**DATA RECORDS:**
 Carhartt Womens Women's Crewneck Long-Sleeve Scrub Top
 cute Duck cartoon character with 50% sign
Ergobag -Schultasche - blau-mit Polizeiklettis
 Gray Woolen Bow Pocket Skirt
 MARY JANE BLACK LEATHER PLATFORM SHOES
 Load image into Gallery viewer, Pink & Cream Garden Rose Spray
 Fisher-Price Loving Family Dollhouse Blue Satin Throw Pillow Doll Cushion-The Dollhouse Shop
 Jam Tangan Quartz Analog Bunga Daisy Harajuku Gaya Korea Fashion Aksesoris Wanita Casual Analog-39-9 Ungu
--
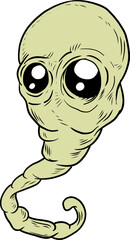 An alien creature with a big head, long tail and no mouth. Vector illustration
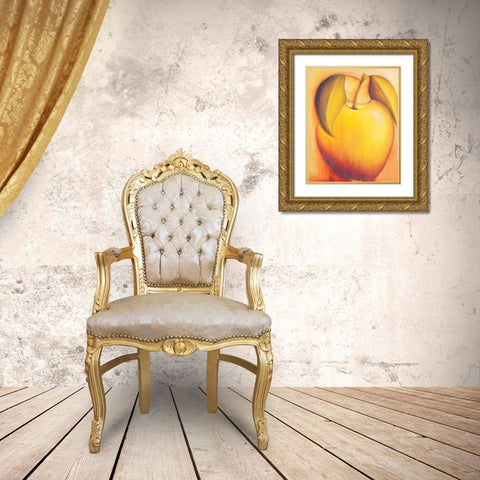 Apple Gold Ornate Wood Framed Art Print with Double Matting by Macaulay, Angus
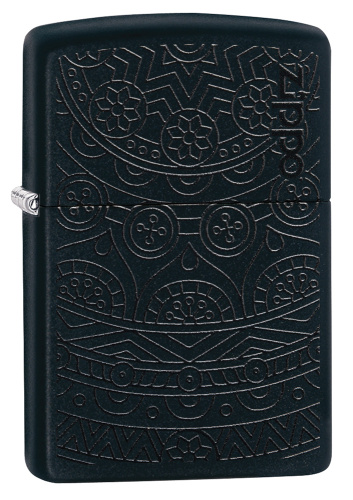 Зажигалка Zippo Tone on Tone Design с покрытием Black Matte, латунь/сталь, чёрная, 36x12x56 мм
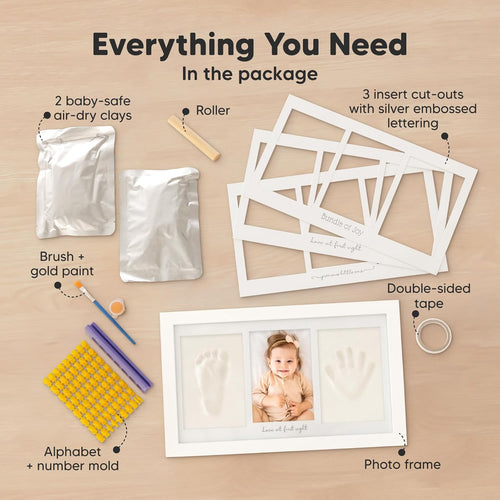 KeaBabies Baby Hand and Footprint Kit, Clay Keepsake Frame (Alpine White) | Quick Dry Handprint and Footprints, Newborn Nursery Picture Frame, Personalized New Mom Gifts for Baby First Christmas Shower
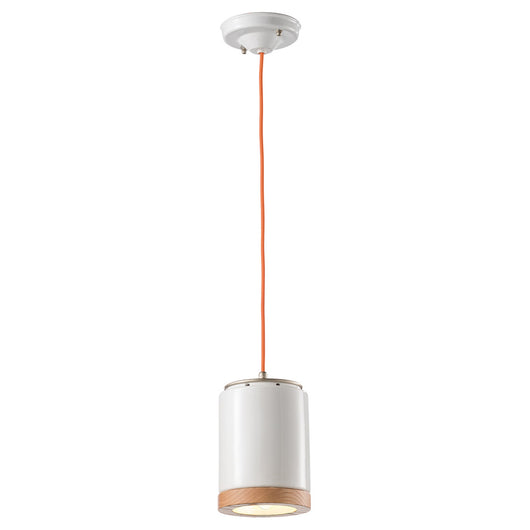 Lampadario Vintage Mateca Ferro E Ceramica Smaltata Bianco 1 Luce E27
---
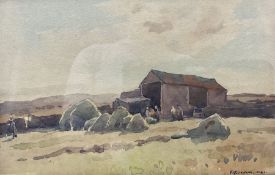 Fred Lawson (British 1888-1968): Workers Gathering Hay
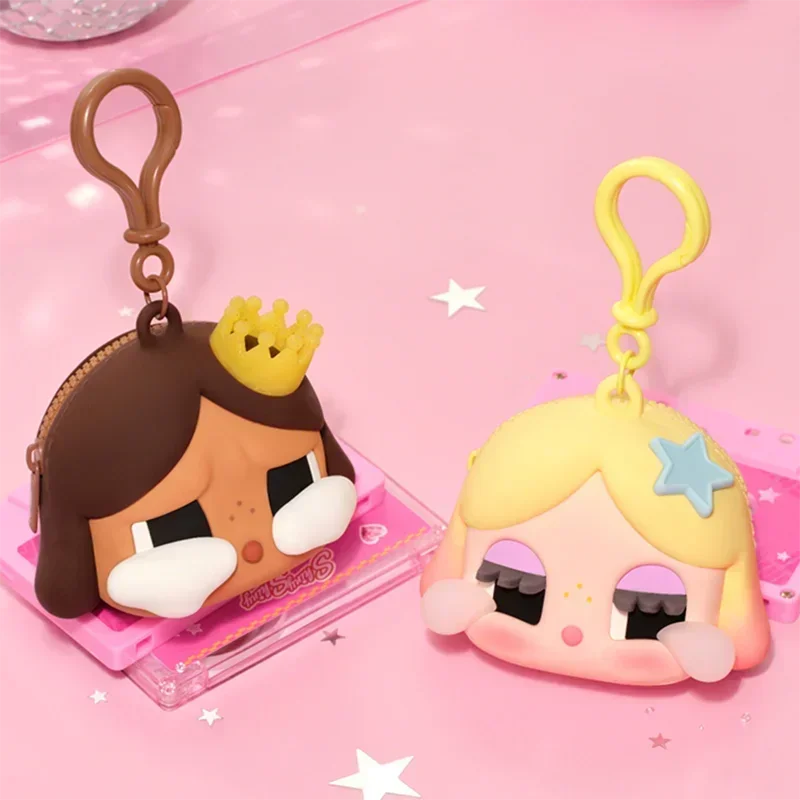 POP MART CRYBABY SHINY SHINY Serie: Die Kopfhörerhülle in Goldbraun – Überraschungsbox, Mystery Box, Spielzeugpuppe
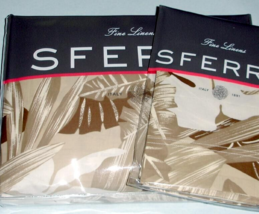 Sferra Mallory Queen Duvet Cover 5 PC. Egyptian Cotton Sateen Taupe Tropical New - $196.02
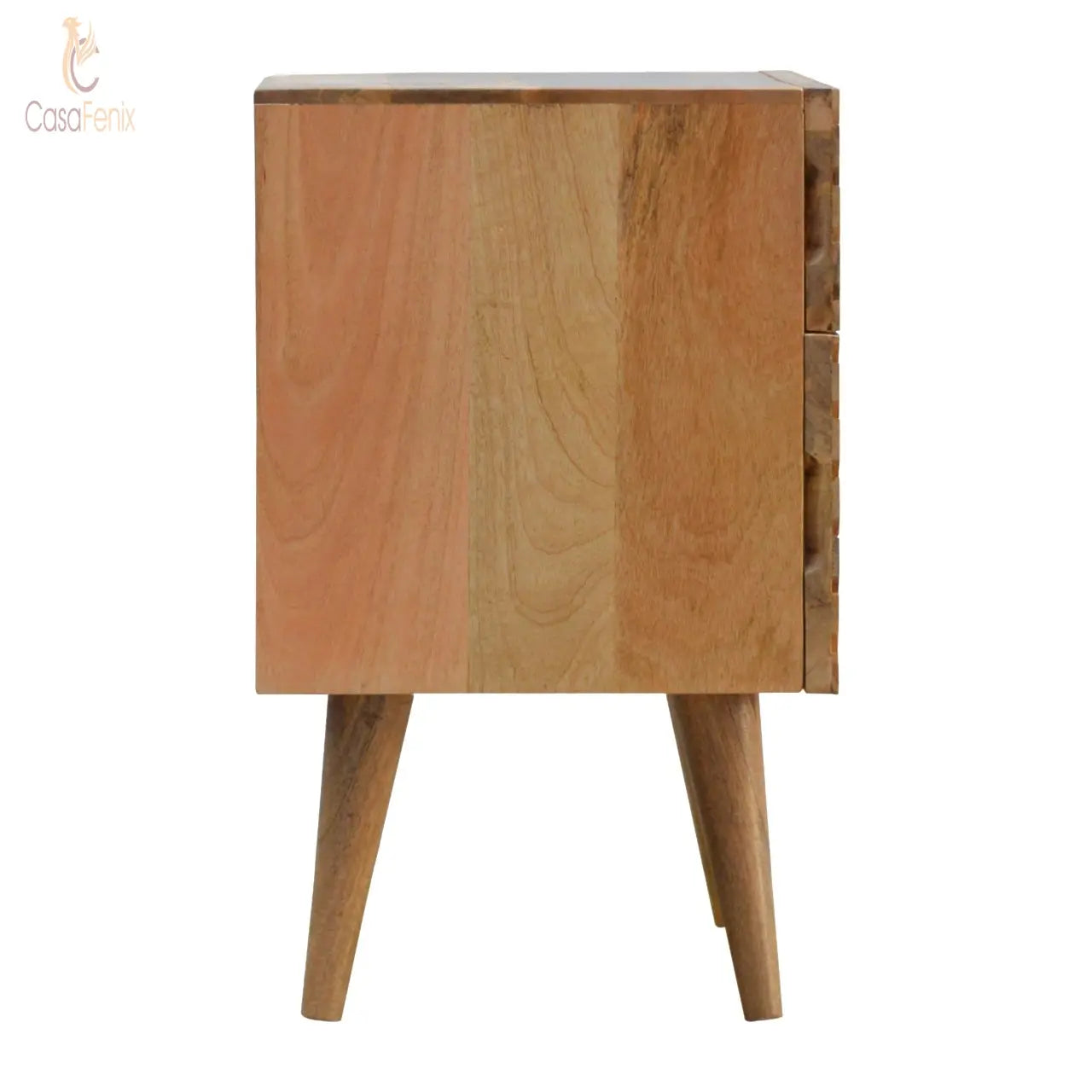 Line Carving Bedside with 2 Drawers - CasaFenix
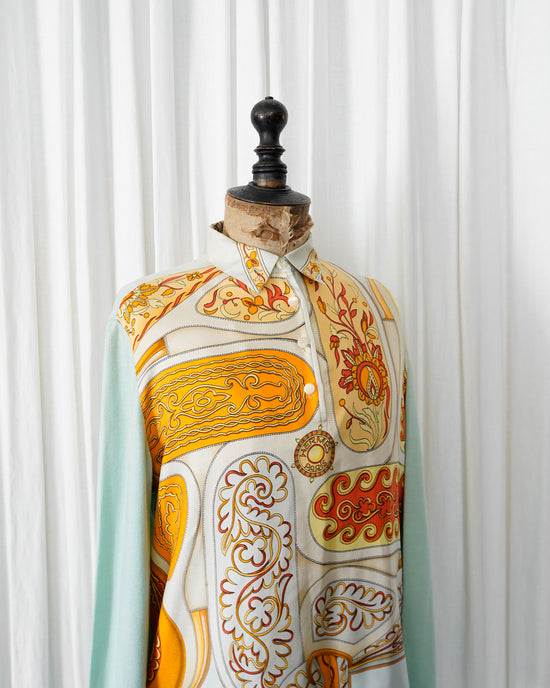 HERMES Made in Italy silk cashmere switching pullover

**TASK INSTRUCTIONS:** What belongs in the answer is each line above from the line with "KeaBabies Baby Hand" to the line with "Lampadario Vintage Mateca", inclusive, reproduced exactly and free of pictures.

**YOUR SOLUTION:**
 KeaBabies Baby Hand and Footprint Kit, Clay Keepsake Frame (Alpine White) | Quick Dry Handprint and Footprints, Newborn Nursery Picture Frame, Personalized New Mom Gifts for Baby First Christmas Shower
 Lampadario Vintage Mateca Ferro E Ceramica Smaltata Bianco 1 Luce E27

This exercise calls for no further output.